* Exercise:
Repeat the listing below in full and exactly, but without its pictures.

* Exercise data:
<<<<
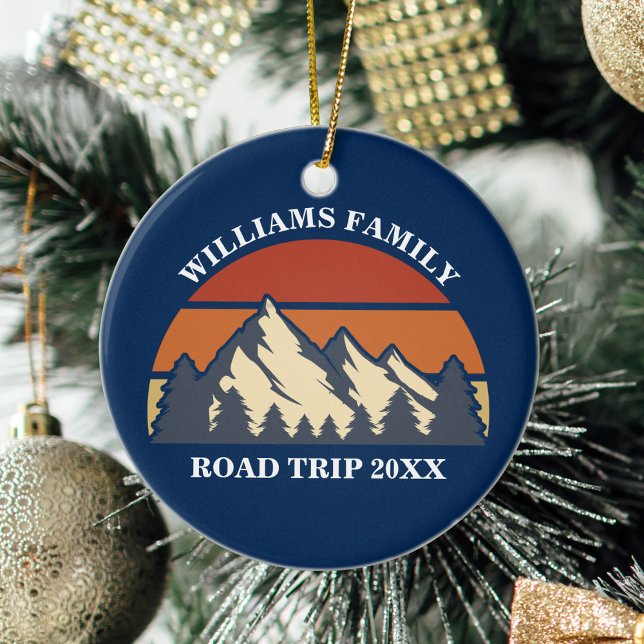 Family Road Trip Vacation Mountains Custom Reunion Ceramic Ornament (Creator Uploaded)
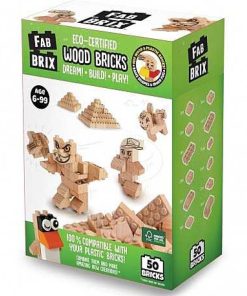 Juguetes Fab Brix | Fab Brix - 50 Natural Eco-Pack, Juguete De Construcci N De Madera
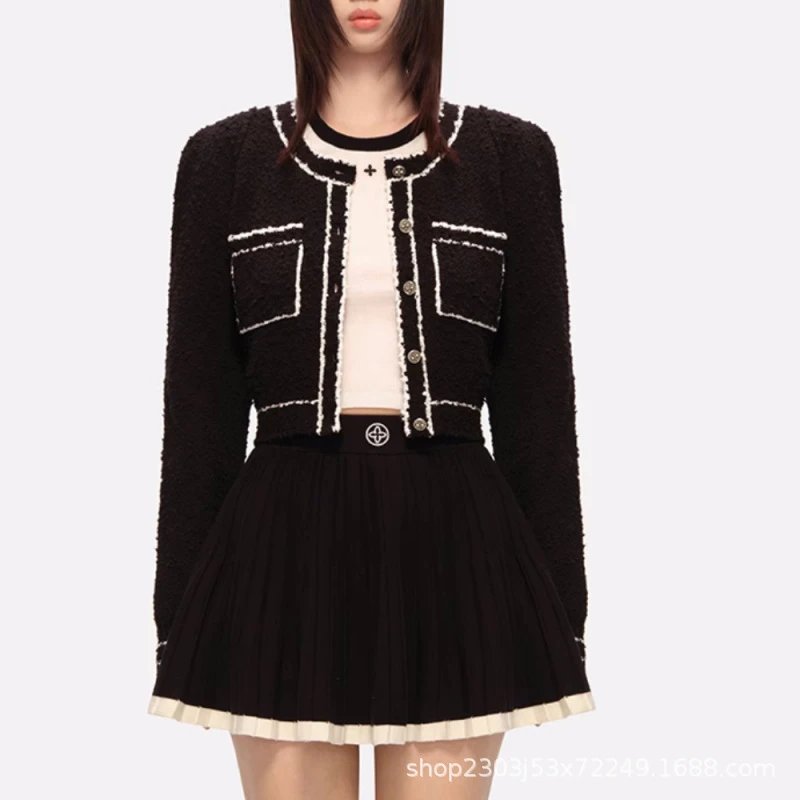 SMF SMFK Tweed-Trimmed Cropped Cardigan White Outerwear.cardigan - 3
>>>>
* Exercise output:
 Family Road Trip Vacation Mountains Custom Reunion Ceramic Ornament (Creator Uploaded)
 Juguetes Fab Brix | Fab Brix - 50 Natural Eco-Pack, Juguete De Construcci N De Madera
 SMF SMFK Tweed-Trimmed Cropped Cardigan White Outerwear.cardigan - 3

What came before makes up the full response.